*Please note: Data collection has ended. These questions will remain available for those interested in learning more about the project, but Project CURSV is no longer recruiting participants.
Frequently asked questions for potential staff participants:
What is the purpose of this study?
The purpose of this study is to compare how universities in the United States and the United Kingdom respond to reports of sexual violence. While the U.S. and U.K. have similar student populations and university cultures, they have drastically different models for responding to university sexual violence. In exploring the similarities and differences in U.S. and U.K. university responses to sexual violence, this project aims to open up space for a collaboration of practices in order to better support victims/survivors.
Do I have to take part?
It is up to you to decide whether or not to take part. If you do decide to take part you will be asked to sign a consent form. If you decide to take part you are still free to withdraw at any time without giving a reason. If you wish to withdraw your data from this project, you may ask to do so until a month after your interview, at which point I will then destroy your data. Should you wish to withdraw, please email me with the subject line “Withdrawing Data.”
What will happen to me if I take part?
If you decide to participate, I will interview you in person in a private location at your university (such as a room in the library, or your office). Our conversation will last between 45 minutes and 1 hour, and will cover the following areas:
- What your role is in your university’s sexual violence disclosure process
- Your thoughts on the effectiveness and supportiveness of the disclosure process
You will have the option of allowing me to audio record your interview, and may ask me at any point during the interview to stop recording, even if you initially agreed to it.
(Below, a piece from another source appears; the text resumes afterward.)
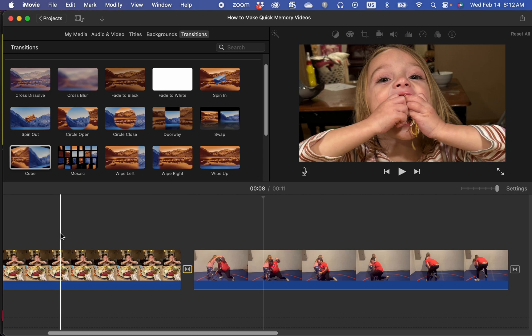Good morning, Kurt here with Teach Mom How. Today I'm going to show you how to export an iMovie video in HD.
You will also have the opportunity to review your transcribed interview and comment on it in order to clarify your thoughts, expand on a point you made, mark information that you feel could identify you if I include it in my thesis, or otherwise approve it. I will automatically send the interview transcript to you, at which point you will have two weeks to return it to me with your comments.
Due to the sensitive nature of the interview topics, you may feel distressed at some point. Before we begin the interview, we will talk about how you would like me to support you during and after our conversation to make sure you feel as safe as possible.
Will you keep what I say in this study confidential? How will you protect my information?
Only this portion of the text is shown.